L'imprenditore Guglielmo Correnti, 47 anni, ha denunciato il pizzo vent’anni fa - Da allora è diventato un punto di riferimento nella lotta contro il racket. Gestisce cantieri e attività a Palermo e sostiene che denunciare sia l’unica strada per un futuro diverso.
Perché denunciare conviene? «Entrare in una sorta di “white list” consente alle forze dell’ordine di monitorare il tuo percorso e proteggerlo. Al primo segnale di rischio, intervengono per aiutarti.» Ha avuto paura? «Sì, inizialmente non dormivo e avevo timore per la mia famiglia. Tuttavia, con il tempo, ho capito che la paura non può prevalere. Se non avessi denunciato, oggi non sarei qui a insegnare ai miei figli a non arrendersi.» Come vede Palermo oggi? «Ci sono stati passi avanti, ma tanto resta da fare. La città sta cambiando, ma serve che tutti facciano la loro parte.» . «Abbiate fiducia nelle istituzioni. Denunciare è possibile ed è l’unica via per uscire dal ricatto del racket e contribuire a una società migliore.»

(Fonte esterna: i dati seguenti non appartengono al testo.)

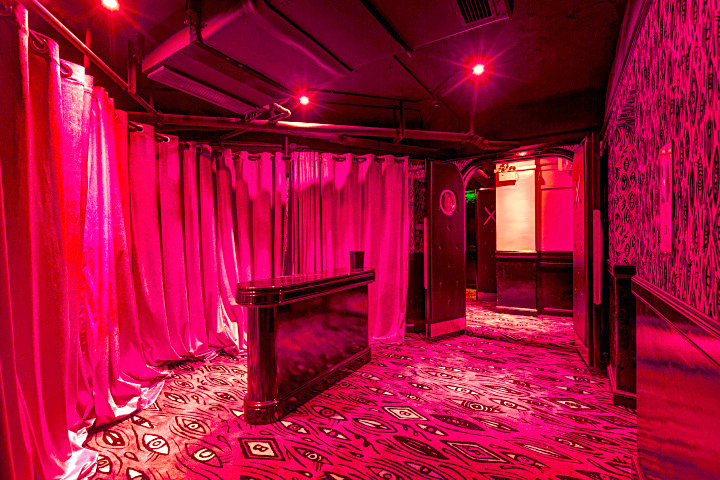 Современный интерьер ночного клуба Le Baron nightclub в Китае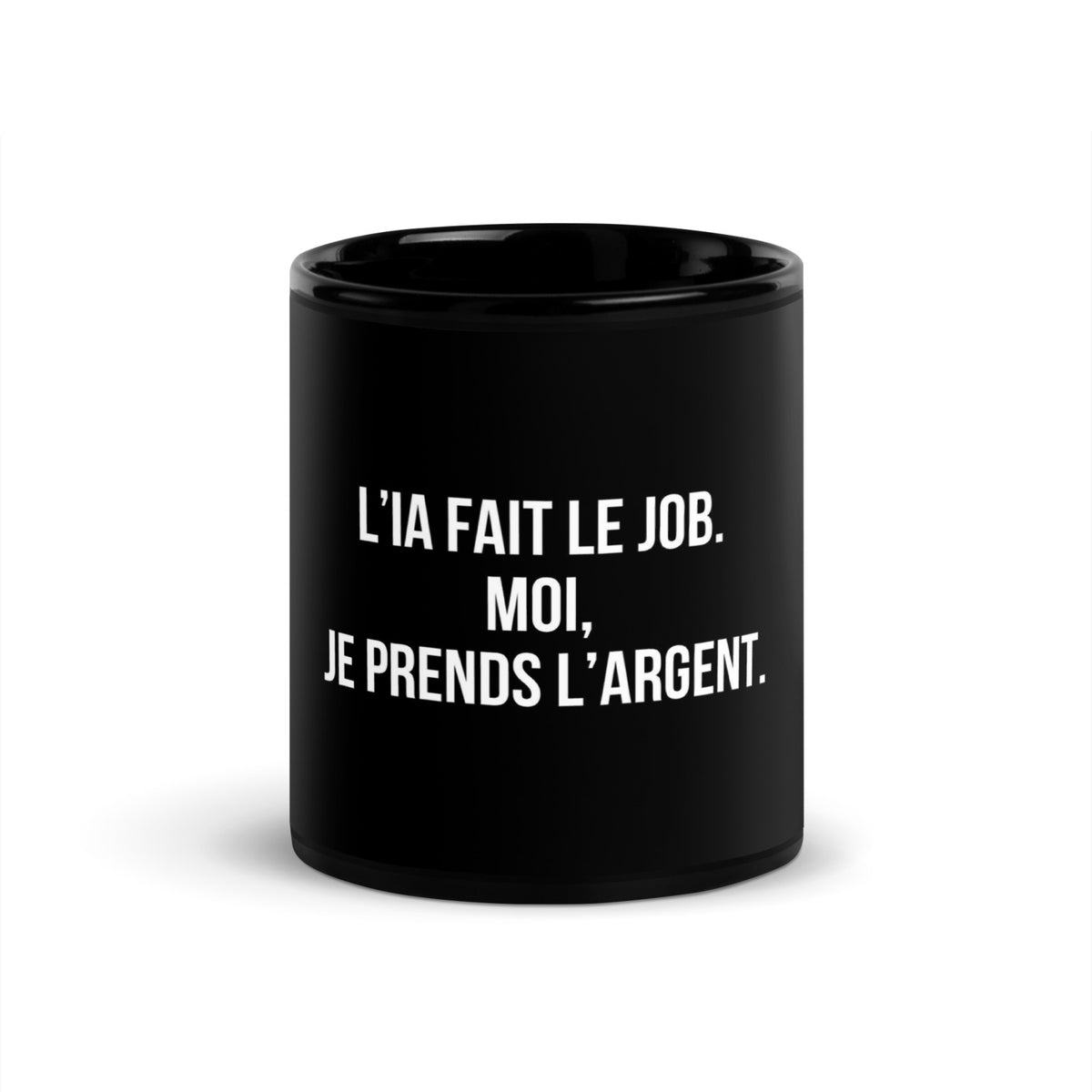 Mug noir de face — L’IA fait le job. Moi, je prends l’argent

La lotta al racket tra nuove sfide e trasformazioni criminali
Secondo il procuratore di Messina Antonio Amato, il fenomeno del racket è in calo, ma non perché sia stato sconfitto. Le mafie, infatti, hanno spostato i propri interessi verso attività meno rischiose e più redditizie, come le truffe ai danni dell'Unione Europea e degli enti previdenziali. Questi crimini comportano guadagni elevati con minori probabilità di reazioni da parte delle vittime, che appaiono meno disposte a subire rispetto al passato.
Denunce in diminuzione, ma il problema persiste
Nella provincia di Messina, le denunce per estorsione sono scese da 128 nel 2021 a 84 nel 2023. Tuttavia, questa riduzione non corrisponde a un reale calo del fenomeno, ma piuttosto a una mutazione delle strategie mafiose. Il racket classico, basato sul pizzo, lascia sempre più spazio ad altri sistemi di controllo economico, come la fatturazione per operazioni inesistenti, il lavoro nero e il noleggio di attrezzature. Il procuratore evidenzia il rafforzamento di protocolli di coordinamento investigativo antimafia, strumenti cruciali per analizzare il contesto delle attività criminali e individuare infiltrazioni mafiose in appalti pubblici e opere infrastrutturali. Queste iniziative mirano a identificare le nuove modalità con cui le mafie si insinuano nell’economia legale.
Davide Grassi: "C’è ancora tanta strada da fare contro il racket"
Davide Grassi, figlio di Libero Grassi, imprenditore tessile assassinato dalla mafia nel 1991 per aver detto no al pizzo, riflette sull’eredità morale del padre e sullo stato attuale della lotta al racket. Grassi riconosce che Palermo oggi è una città migliore rispetto al passato, con una parte della popolazione che vive e lavora con maggiore consapevolezza. Tuttavia, ammette che c’è ancora molto da fare per scuotere le coscienze e promuovere una cultura della denuncia, soprattutto tra le nuove generazioni. Davide sottolinea l’apatia diffusa tra molti imprenditori, che spesso vedono il pizzo come un problema meno traumatico rispetto al passato o si adattano a forme meno visibili di controllo mafioso, come l’imposizione di fornitori o assunzioni. Grassi lavora attivamente nelle scuole per mantenere viva la memoria del padre e promuovere il rifiuto della mafia. Tuttavia, rileva la necessità di migliorare la formazione delle coscienze per far crescere una cultura del "no" al compromesso.
Un messaggio agli imprenditori: "Impegnatevi per creare una società migliore per i vostri figli". Invita tutti a non accontentarsi di una vita mediocre, sottolineando che un’alternativa migliore esiste, ma richiede coraggio e impegno. Infine, suggerisce che intitolare un luogo pubblico a Libero Grassi potrebbe essere un’occasione importante per sensibilizzare i giovani e gettare un altro seme nella costruzione di una cultura della denuncia.